ROMA-iQSS: An Objective Alignment Approach via State-Based Value Learning and ROund-Robin Multi-Agent Scheduling
This work addresses scalability and efficiency issues in large multi-agent systems, though it appears incremental as it builds on existing decentralized learning approaches.
The paper tackles the problem of multi-agent collaboration by addressing challenges in identifying optimal objectives and aligning them among agents, introducing a decentralized state-based value learning algorithm and a novel interaction mechanism, with empirical results showing it outperforms existing decentralized strategies.
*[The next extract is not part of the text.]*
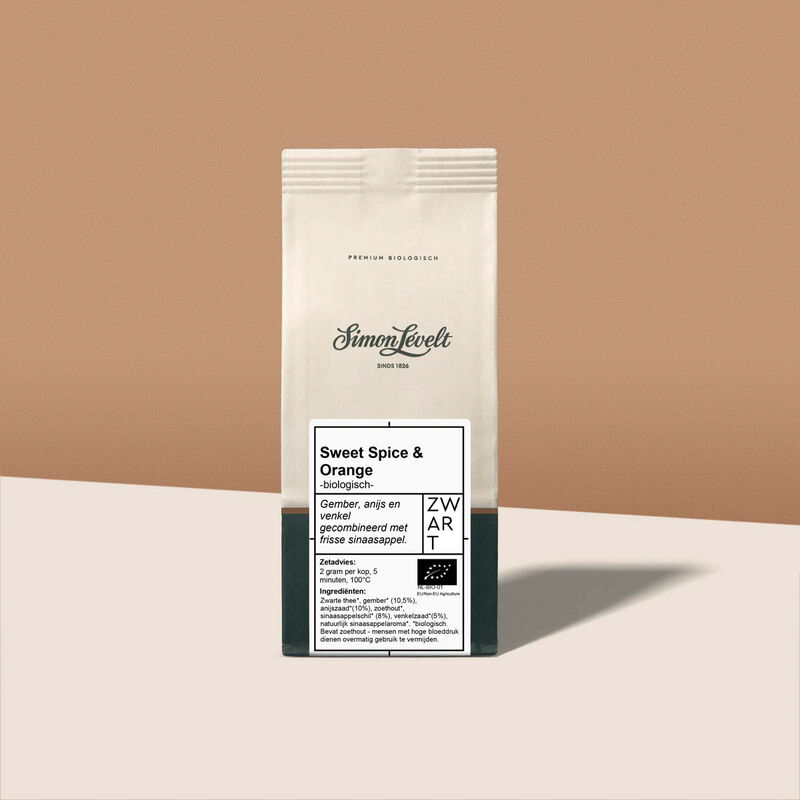 Sweet Spice & Orange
Effective multi-agent collaboration is imperative for solving complex, distributed problems. In this context, two key challenges must be addressed: first, autonomously identifying optimal objectives for collective outcomes; second, aligning these objectives among agents. Traditional frameworks, often reliant on centralized learning, struggle with scalability and efficiency in large multi-agent systems. To overcome these issues, we introduce a decentralized state-based value learning algorithm that enables agents to independently discover optimal states. Furthermore, we introduce a novel mechanism for multi-agent interaction, wherein less proficient agents follow and adopt policies from more experienced ones, thereby indirectly guiding their learning process. Our theoretical analysis shows that our approach leads decentralized agents to an optimal collective policy. Empirical experiments further demonstrate that our method outperforms existing decentralized state-based and action-based value learning strategies by effectively identifying and aligning optimal objectives.